Mio padre ha avuto come compagni di lavoro Tony Barlocco, la Mabilia dei Legnanesi, che aveva fatto per un certo periodo ii “marcatempo”, e Felice Musazzi, la Teresa dei Legnanesi, che lavorava in ufficio o (ma non ricordo bene quale).
Ricordo che mi parlava di “palette” che forava in continuazione e che talvolta lo facevano rimanere a lavorare anche due o tre ore dopo l’orario in quanto in fase di montaggio delle stesse erano emersi problemi di centratura e quindi gli veniva chiesto di rimanere per poter apportare ai fori le necessarie modifiche (quando ho iniziato gli studi di perito ho capito che le famose “palette” erano quelle delle turbine prodotte dalla Franco Tosi e che avrei poi trovate in giro per il mondo quando ho iniziato a lavorare).
La paga (stipendio) veniva pagata in tre volte al mese: al 19 e al 29 un acconto, al 9 del mese successivo il saldo, ed in base a questo mio padre e mia madre pianificavano il pagamento al prestinaio ed al salumiere (si segnava sul libretto e si saldava al 10) ed anche le altre spese.
Chi lavorava alla Franco Tosi aveva dei vantaggi supplementari: la mensa interna (mio padre però preferiva portarsi la “schisceta” da casa e quindi una volta alla settimana portava a casa scatolette di carne, sardine, tonno che sostituivano l’equivalente del pasto giornaliero in mensa); lo spaccio aziendale situato in via XXIX Maggie dove poter acquistare beni alimentari ed altro a prezzi calmierati; la mutua interna che aiutava a coprire spese dentistiche e cure termali: colonie estive per i figli dei dipendenti; pensione supplementare al raggiungimento dell’età pensionabile e relativa cessazione del rapporto di lavoro con Franco Tosi (poche migliaia di Lire mensili ma che comunque erano un aiuto per il pensionato fino alla sua morte).
Inoltre, il dipendente prossimo alla pensione poteva chiedere l’assunzione di un proprio figlio.

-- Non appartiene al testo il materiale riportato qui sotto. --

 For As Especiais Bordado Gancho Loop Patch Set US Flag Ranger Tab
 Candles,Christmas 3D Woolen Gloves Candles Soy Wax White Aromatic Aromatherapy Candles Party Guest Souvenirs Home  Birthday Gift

Io mi sono diplomato Perito Capotecnico Elettricista nel 1965 presso l’lTlS Bernocchi nel 1965 e mio padre aveva già 35 anni di contribuzione e poteva chiedere la pensione di anzianità allora in vigore e quindi aveva fatto richiesta di assunzione per me. Avevo fatto un colloquio con il capo del personale di quel tempo, Rag. Leonardi, che mi aveva spiegato quale sarebbe stato il mio lavoro all’interno della Franco Tosi, ovvero manutenzione elettrica di macchinari ed impianti elettrici all’interno della fabbrica. Qualche mese dopo fui convocato, su segnalazione dell’lTlS Bernocchi, dalla General Electric che mi offrìi un lavoro più confacente con al mio diploma ovvero lavoro di cantiere per realizzazioni di centrali elettriche ed impianti industriali e quindi optai per quest’ultima.
Mio padre andò in pensione a settembre 1968. Il Primo Maggie del 1969 ricevette, al Teatro Galleria, la spilla in oro data a tutti i dipendenti della Franco Tosi con 30 anni di servizio, presente e passato.
La cerimonia fu completata da un pranzo conviviale, presenti diverse autorità, presso i locali della mensa aziendale Tosi di via Cairoli.
Mio padre mori esattamente 28 anni, oggi.[luglio 2024. Nota di MW] Il Gruppo Pensionati Franco Tosi si premurò di fare affiggere i manifesti funerari ed una delegazione partecipò ai funerali con la bandiera del Gruppo.
Mia madre ricevette un piccolo contributo per le spese funerarie.